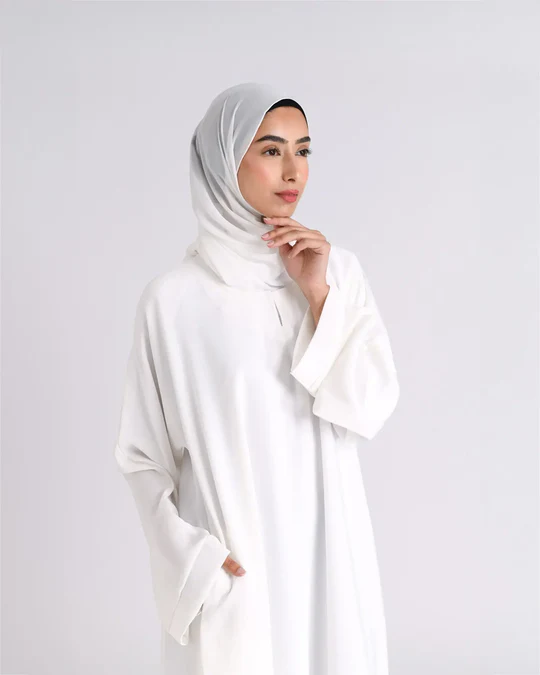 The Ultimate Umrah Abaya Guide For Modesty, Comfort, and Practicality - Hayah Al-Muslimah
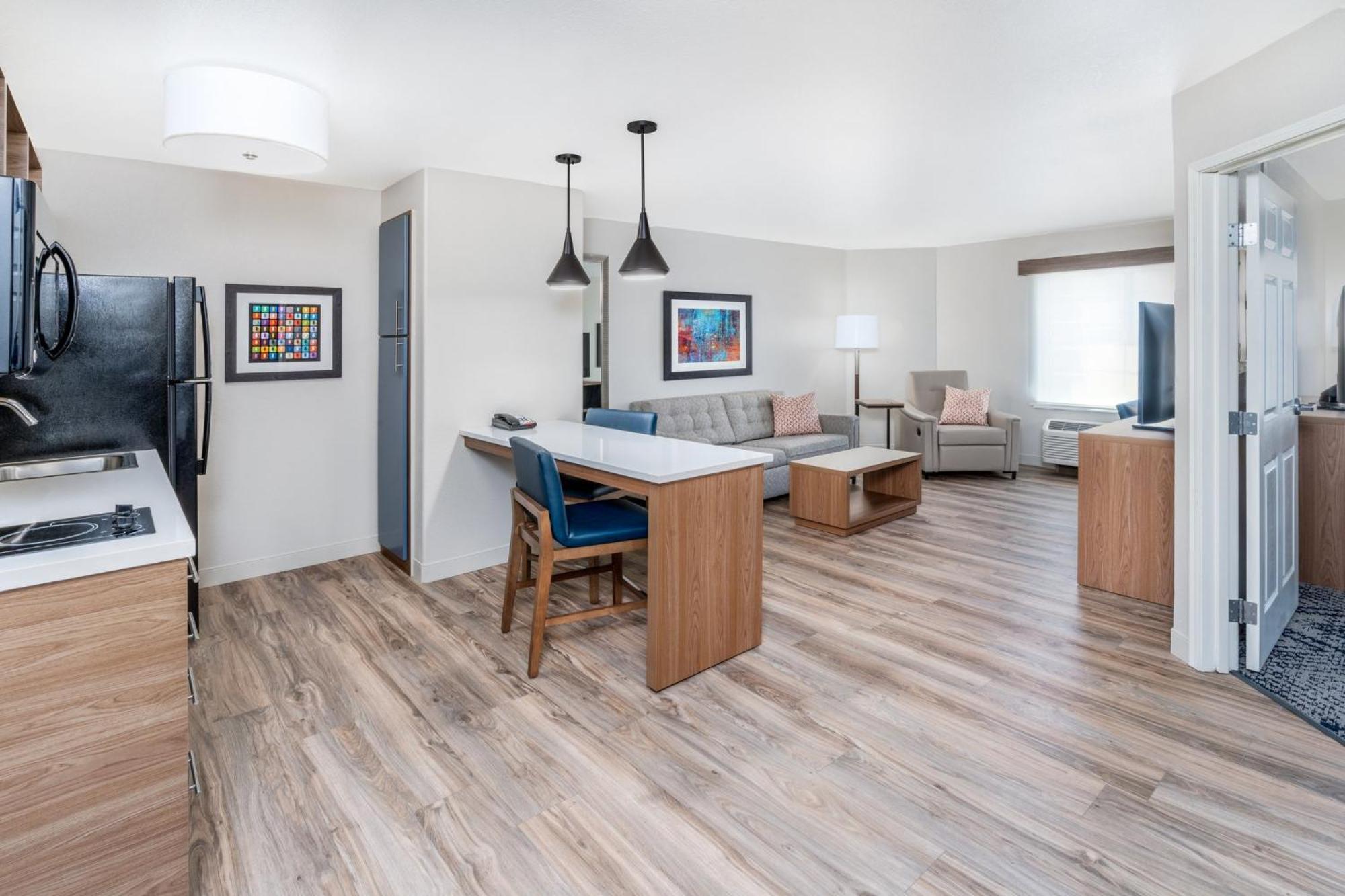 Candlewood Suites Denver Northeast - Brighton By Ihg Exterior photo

==

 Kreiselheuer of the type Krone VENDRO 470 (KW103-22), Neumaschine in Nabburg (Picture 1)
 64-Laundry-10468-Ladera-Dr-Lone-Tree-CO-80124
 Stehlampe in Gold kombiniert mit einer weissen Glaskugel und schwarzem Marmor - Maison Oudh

— Requirement —
Would you please reproduce the entries above, starting at the line with "The Ultimate Umrah" and stopping after the line with "Candlewood Suites Denver"? Omit any pictures.

— Response to the exercise —
 The Ultimate Umrah Abaya Guide For Modesty, Comfort, and Practicality - Hayah Al-Muslimah
 Candlewood Suites Denver Northeast - Brighton By Ihg Exterior photo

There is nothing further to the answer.